**Work item**
When the line containing "Front Hand Simple" appears in the data below, begin copying there and stop only after the line containing "Used 2023 Silver".

Start of Exercise materials

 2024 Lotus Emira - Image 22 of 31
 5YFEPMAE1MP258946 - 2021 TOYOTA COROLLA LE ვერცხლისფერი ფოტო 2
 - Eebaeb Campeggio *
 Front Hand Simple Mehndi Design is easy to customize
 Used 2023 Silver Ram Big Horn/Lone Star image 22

End of Exercise materials
Start of Exercise materials

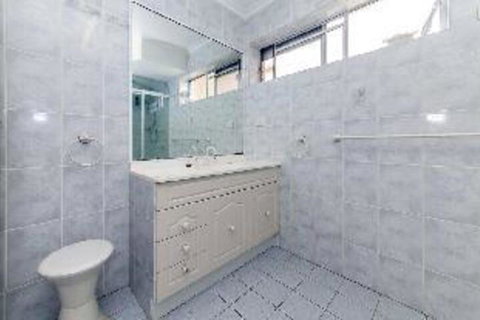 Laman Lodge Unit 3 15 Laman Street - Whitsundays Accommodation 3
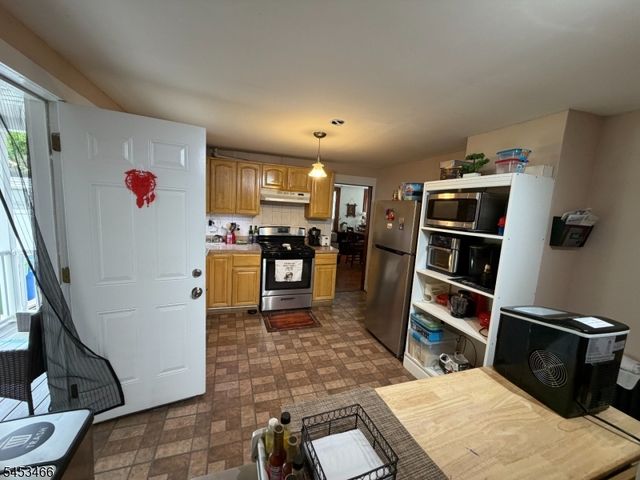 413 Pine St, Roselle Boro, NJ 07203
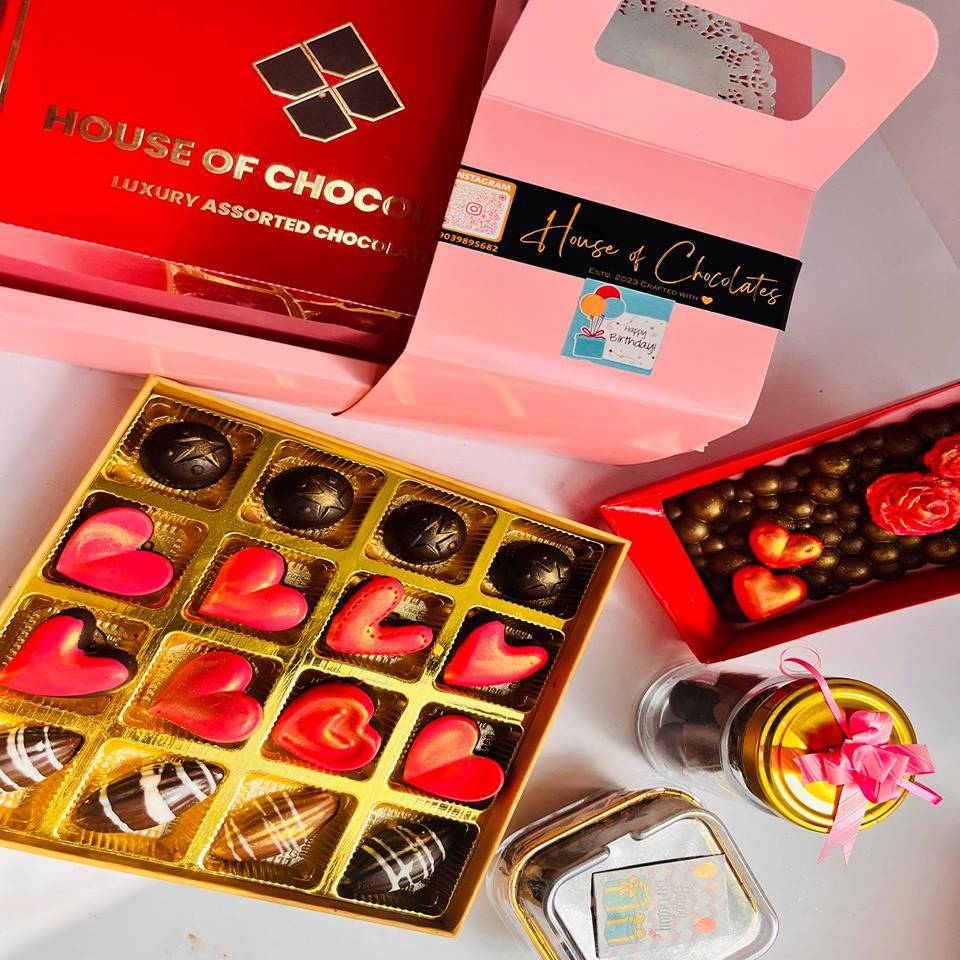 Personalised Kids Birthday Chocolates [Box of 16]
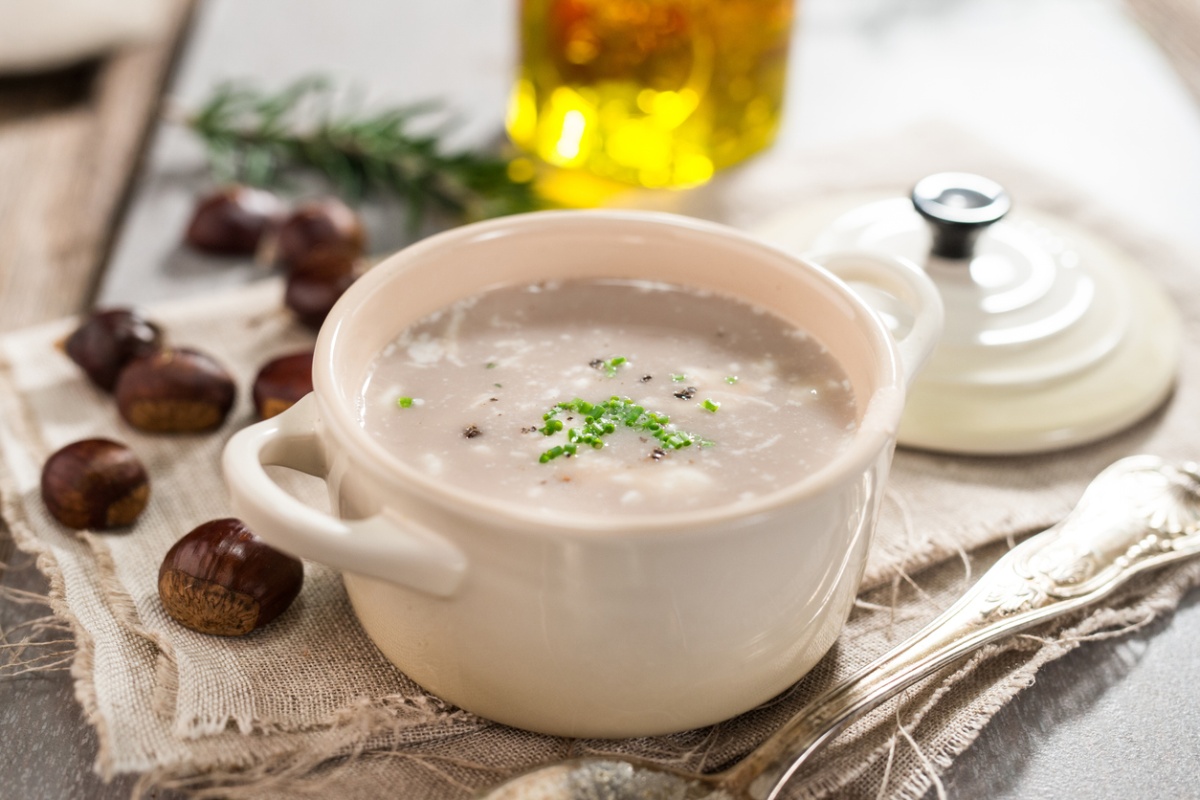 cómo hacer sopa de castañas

End of Exercise materials

**Exercise answer**
 Front Hand Simple Mehndi Design is easy to customize
 Used 2023 Silver Ram Big Horn/Lone Star image 22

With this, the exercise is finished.